Future File highlights new and innovative early-stage and preclinical concepts that could one day help to advance the everyday practice of retina specialists.

Researchers Use Adaptive Optics to Make a Correct Diagnosis

■ Researchers from New York Eye and Ear Infirmary of Mount Sinai used adaptive optics that allow clinicians to examine microscopic structures of the eye in living patients with extreme detail in real time to analyze and better understand the rare retinal disease fundus albipunctatus. This inherited condition negatively affects the photoreceptor cells, which typically results in poor night vision. In late stages of the disease, color vision and central vision can also be impaired. There is currently no cure or effective treatment for this disease.
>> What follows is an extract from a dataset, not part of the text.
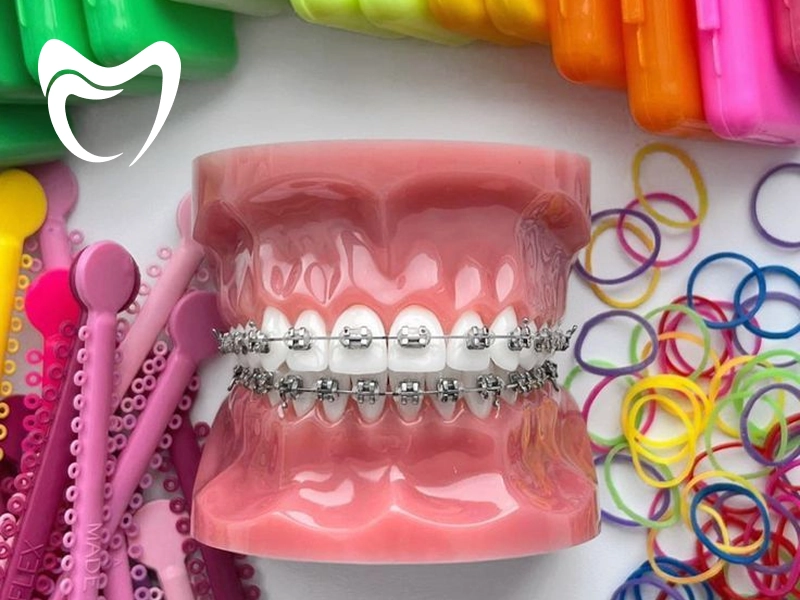 بهترین رنگ ارتودنسی چیست؟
The case study focuses on a 62-year-old patient who was misdiagnosed with Stargardt disease and lived with that diagnosis for more than a decade. He came to New York Eye and Ear Infirmary for further evaluation, where genetic testing and adaptive optics led doctors to properly diagnose him with fundus albipunctatus. These 2 genetic conditions can appear similar but have very different prognosis.

Patients with Stargardt disease typically progress to worse vision, whereas fundus albipunctatus is associated with night vision issues that typically don’t change. With adaptive optics, ophthalmologists went on to find that in the later stages of fundus albipunctatus, some structures of photoreceptor cells were preserved, which implies that future treatments, including gene therapy, may play a role in reversing or preventing vision loss.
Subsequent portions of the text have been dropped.